Outro traço forte mostrado pelo filme é a presença da grande mídia na vida dos indianos do século 21. O pequeno Jamal mergulha literalmente na merda para conseguir o autógrafo de um ídolo do cinema. Tanto sacrifício mostra o peso do cinema na vida dos indianos. A indústria cinematográfica do país é tão poderosa que recebe o nome de “Bollywood”. Uma fusão de Bombaim (antigo nome de Mumbai) com Hollywood. A ironia é que essa mesma indústria nada teve a ver com a produção de um filme sobre a Índia que faz sucesso e é premiado no mundo todo.
Mas, a TV também está presente em todas os cantos. Tanto é que Jamal resolve participar do programa que o torna milionário apenas para reencontrar seu amor de infância. Na trama romântica do filme, ganhar o prêmio é apenas um detalhe. Jamal só quer aparecer na TV para ser encontrado por sua amada. Mas, é exatamente esse desinteresse que faz o jovem avançar no jogo. Incomodado com isso, o apresentador do programa chega a entregar o jovem à polícia sob acusação de fraude, com direito a tortura.

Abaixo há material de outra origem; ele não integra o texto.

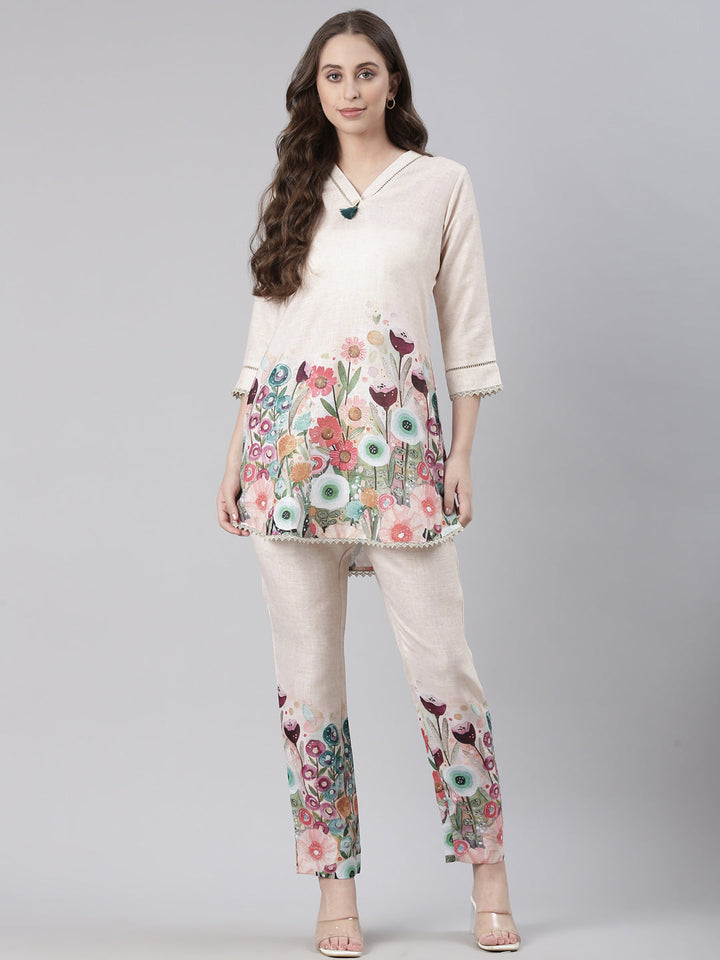 Neerus Cream Casual Printed Kurti with Trousers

No final, Salim interrompe sua escalada rumo aos altos postos do crime organizado. Em nome da felicidade do irmão abandona tudo. Deixa-se matar mergulhado no dinheiro que seu irmão despreza. Jamal não precisou apelar à selvageria para vencer. Escapou de forma limpa das armadilhas do apresentador do programa. Em sua santa inocência tornou-se milionário, ídolo nacional e foi viver feliz para sempre com sua amada Latika.
É o final feliz que Hollywood queria. Só muita fantasia para abafar as contradições. E a recompensa veio tão certa como o prêmio de Jamal. O Oscar de melhor filme colocou a Índia em festa e calou os poucos críticos do filme. Mas na vida real, para vencer é preciso render-se às leis da selva capitalista. Aceitar ser parte das engrenagens que tornam selvagem a vida de centenas de milhões de pessoas. Na Índia e em quase todo o planeta.